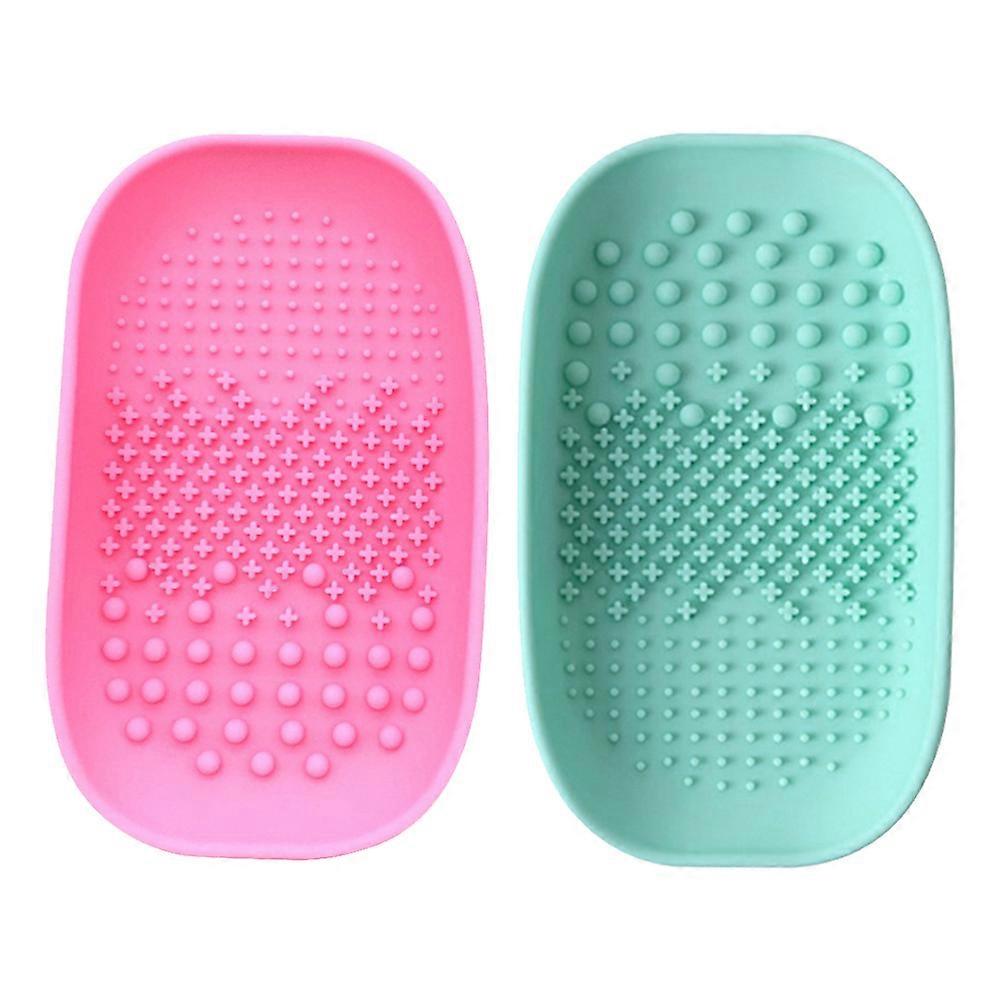 Silicone Makeup Brush Cleaning Mat Brush Cleaner for Makeup Tools 2Pcs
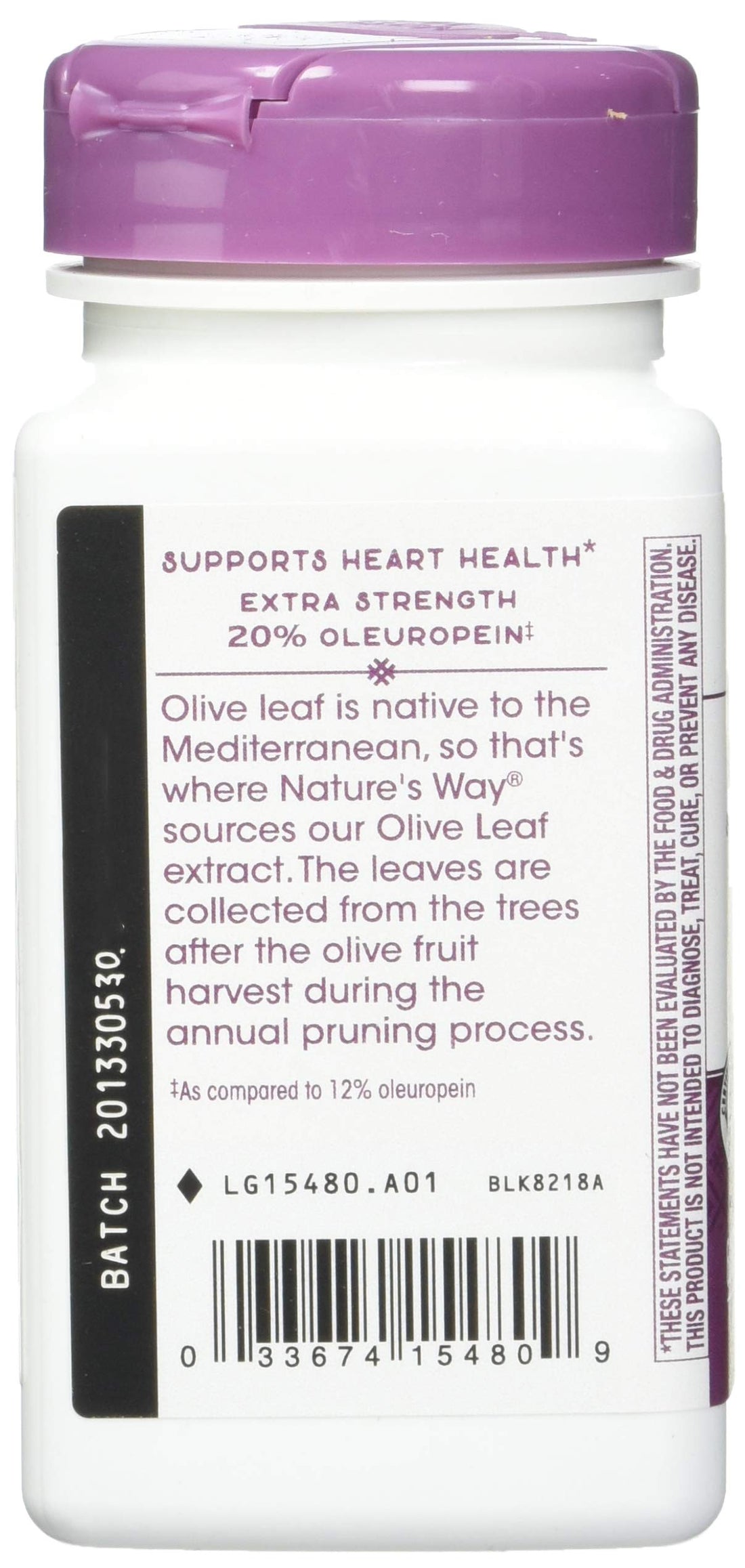 Nature's Way Nature's Way Premium Extract Standardized Olive Leaf 20% Oleuropein, 250 Mg Per Serving, 60 Vcaps, 60 Count (Pack of 12)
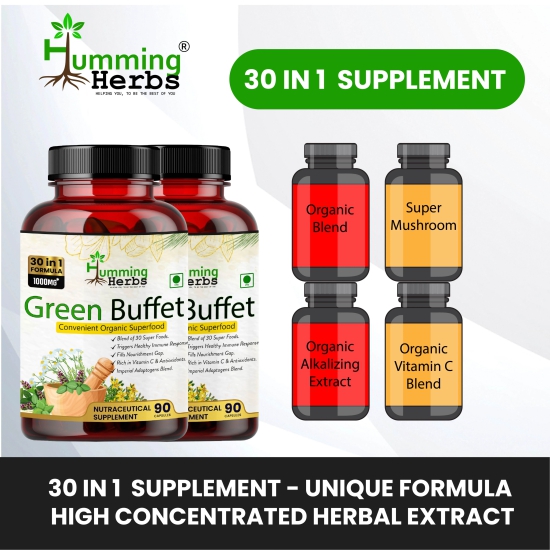 Humming Herbs Green buffet Capsules 500mg | 90 Capsules| Blends of 30 Super like Quercetine Cordyceps Spirulina alfalfa Ashwgandha seabuck thorn Acai berry Goji Berry and milk thistle - Pack of 2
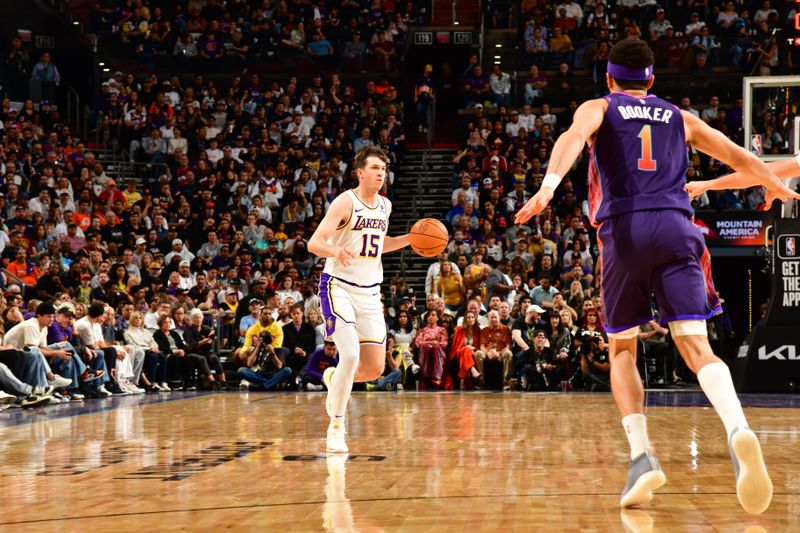 PHOENIX, AZ - FEBRUARY 25: Austin Reaves #15 of the Los Angeles Lakers dribbles the ball during the game against the Phoenix Suns on February 25, 2024 at Footprint Center in Phoenix, Arizona. NOTE TO USER: User expressly acknowledges and agrees that, by downloading and or using this photograph, user is consenting to the terms and conditions of the Getty Images License Agreement. Mandatory Copyright Notice: Copyright 2024 NBAE (Photo by Kate Frese/NBAE via Getty Images)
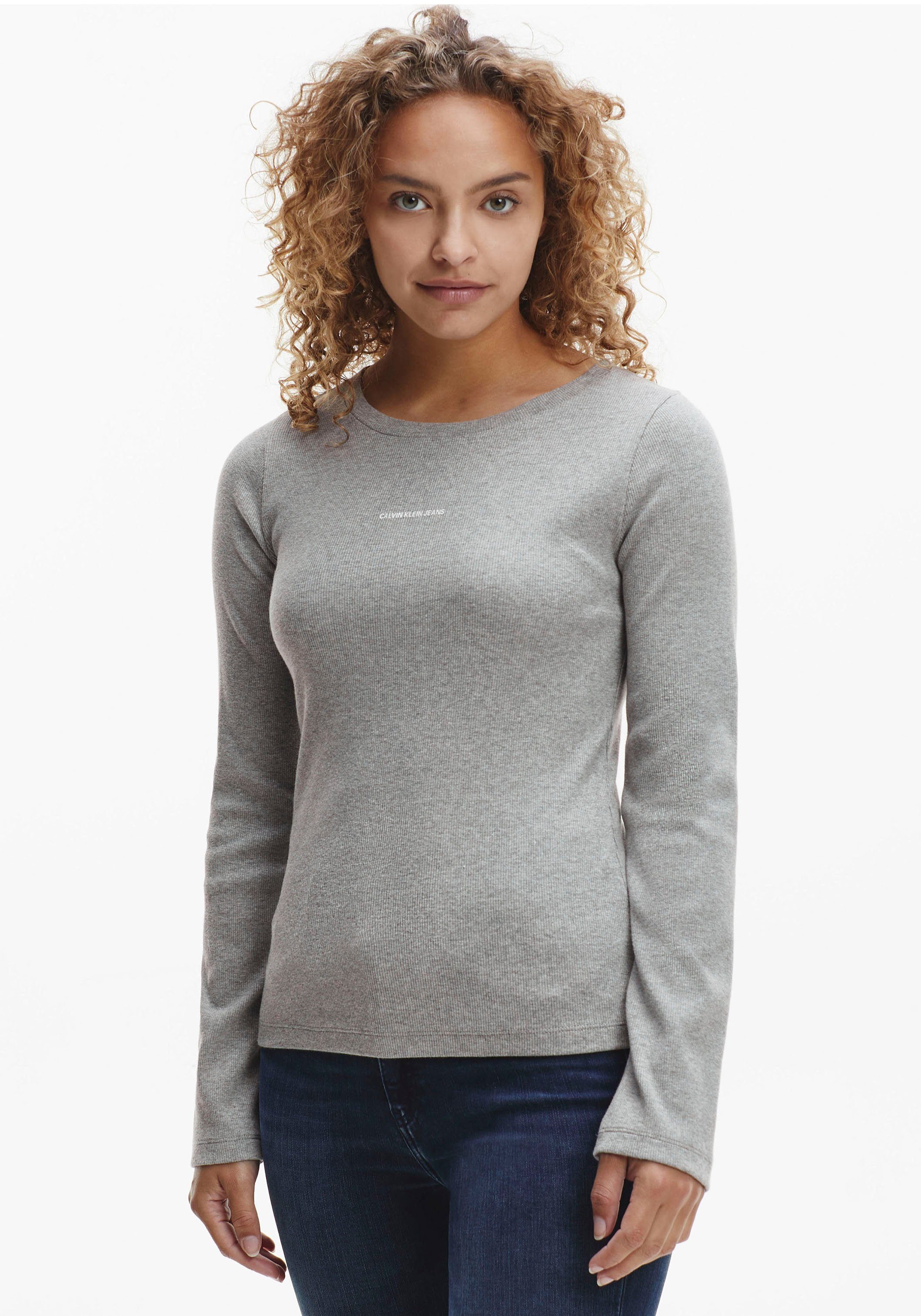 Calvin Klein Jeans Langarmshirt »MICRO BRANDING RIB LS TEE« in Rippenoptik  mit Calvin Klein Jeans Micro Schriftzug online kaufen | OTTO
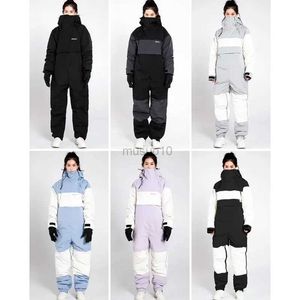 Diğer spor malzemeleri yetişkinler kış açık kayak tek parça takım elbise sıcak peluş binicilik bölünmüş bacak şövalye yarış moto sürme kıyafetleri kadınlar kar elbise hkd231106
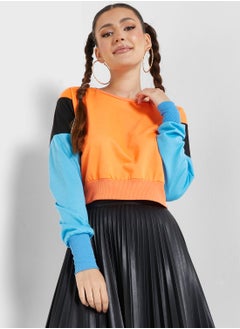 Buy Colorblock Cropped Sweatshirt in Saudi Arabia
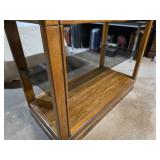 MCM Wicker with glass top side table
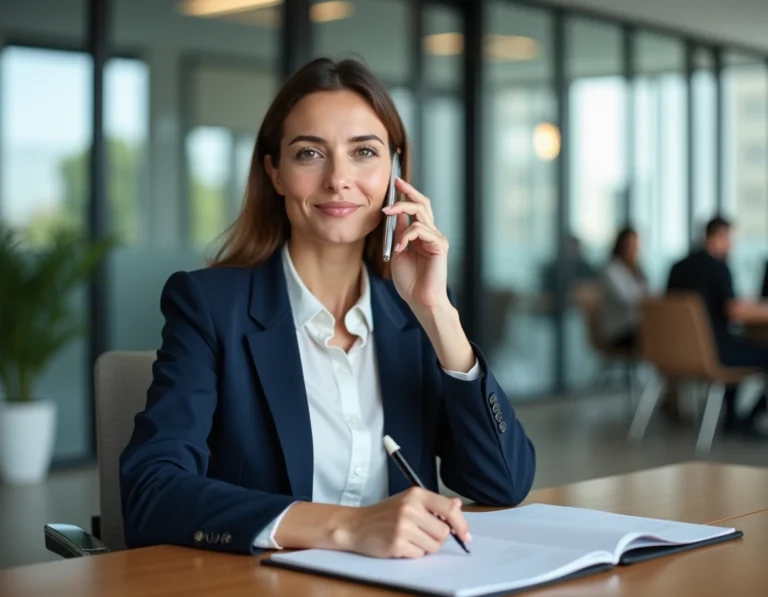 Femme professionnelle en blazer marine gérant un appel client dans un bureau moderne pour améliorer la qualité de service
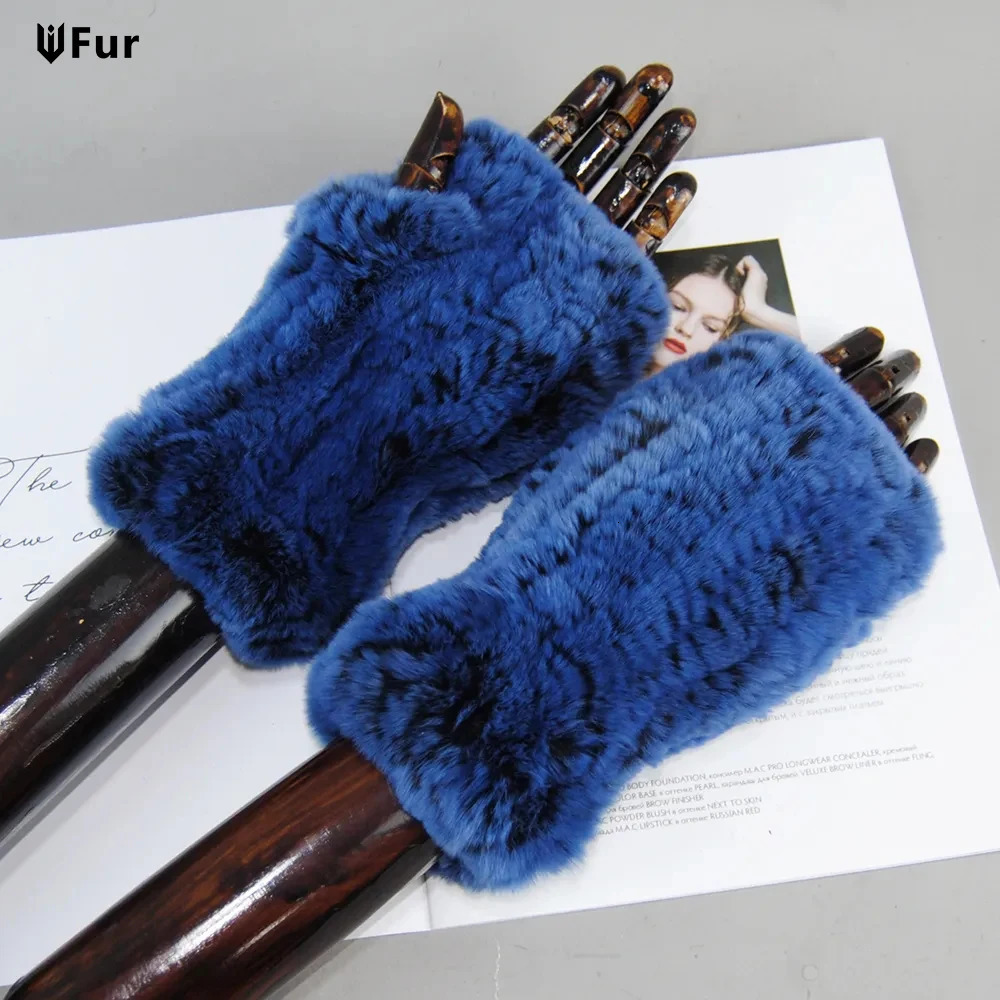 2024 Fashion Real Rex Rabbit Fur Womens Winter Gloves Genuine Fur Mittens Girl Fingerless Gloves Wrist Warmer Elastic Fluffy 241225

※ ※ ※

Action item: In the data above, retype only the stretch from the line with "Calvin Klein Jeans Langarmshirt" through the line with "MCM Wicker with glass top side table", word for word, and skip any pictures.

Exercise output:
 Calvin Klein Jeans Langarmshirt »MICRO BRANDING RIB LS TEE« in Rippenoptik  mit Calvin Klein Jeans Micro Schriftzug online kaufen | OTTO
 Diğer spor malzemeleri yetişkinler kış açık kayak tek parça takım elbise sıcak peluş binicilik bölünmüş bacak şövalye yarış moto sürme kıyafetleri kadınlar kar elbise hkd231106
 Buy Colorblock Cropped Sweatshirt in Saudi Arabia
 MCM Wicker with glass top side table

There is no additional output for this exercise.